アゼルバイジャンで撮られたということで、おとぎ話のような風景と線路を挟み込むようにして建つ家々が主役級の作品。クストリッツァ的(主演俳優はまさに)であるのだけど、クストリッツァよのうにハチャメチャ感はないです。
「鉄道運転士の花束」の雰囲気もあり。
台詞なしということもあり、トーキーのようなコミカルな演出が多くて新鮮でした。
いろんな見方ができる作品だと思うけれど、一つの青いブラを通して様々な「女」が見えてくるストーリーで、男に所有されている女というのが浮かび上がるのが面白かったです。

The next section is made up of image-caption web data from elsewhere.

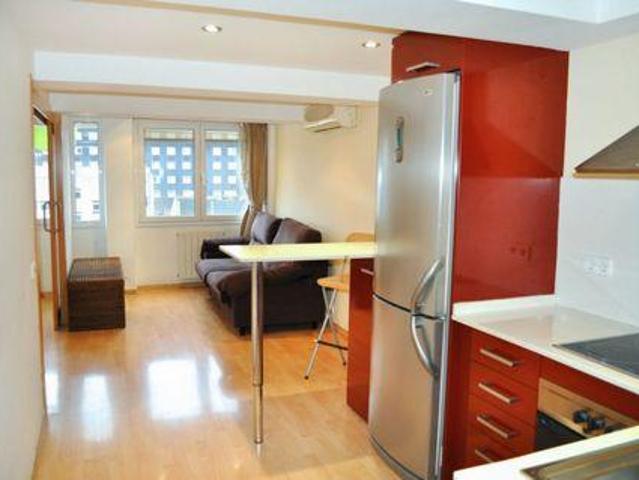 1 Dormitorio Condo Barcelona Barcelona 88673284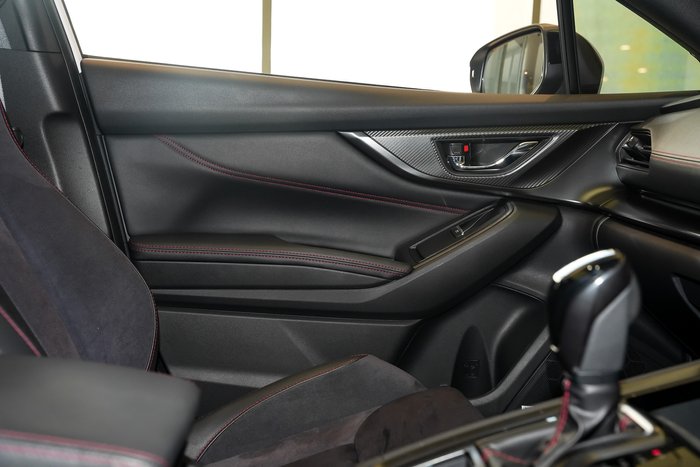 2023 Subaru WRX RS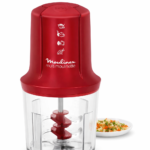 електрически чопър, Moulinex, AT714G32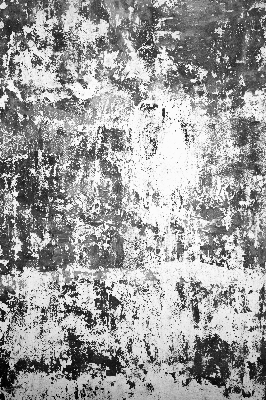 Tree black and white texture wall Photo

ブラを手に家々を訪ねるせいで、その家の男が元運転士を怒鳴り追い出す。男のいない家の女は元運転士を誘惑したり(親切な女も、ストリップを見せる女も)、手玉にとって笑う女たちもいる。
女は男/家の所有物であることは、元運転士が結婚を申し込んで断られるエピソードで描かれているのは、立場の違う女たちを描く導入線だったのだろう。
女を所有する男、家を持つ男がデフォルトなので、犬小屋で暮らす少年と家はあるけれど女のいない元運転士は似たもの同士といえる。鉄道会社で働く女性は所有されていない女だから、彼らと同じくデフォルトから外れた存在。エンディングはそんな風に読めました。
なぜ元運転士が人びとから疎ましがられるのかが分からず、その点が見ていて気になったのでなんかエピソードが欲しかったかな。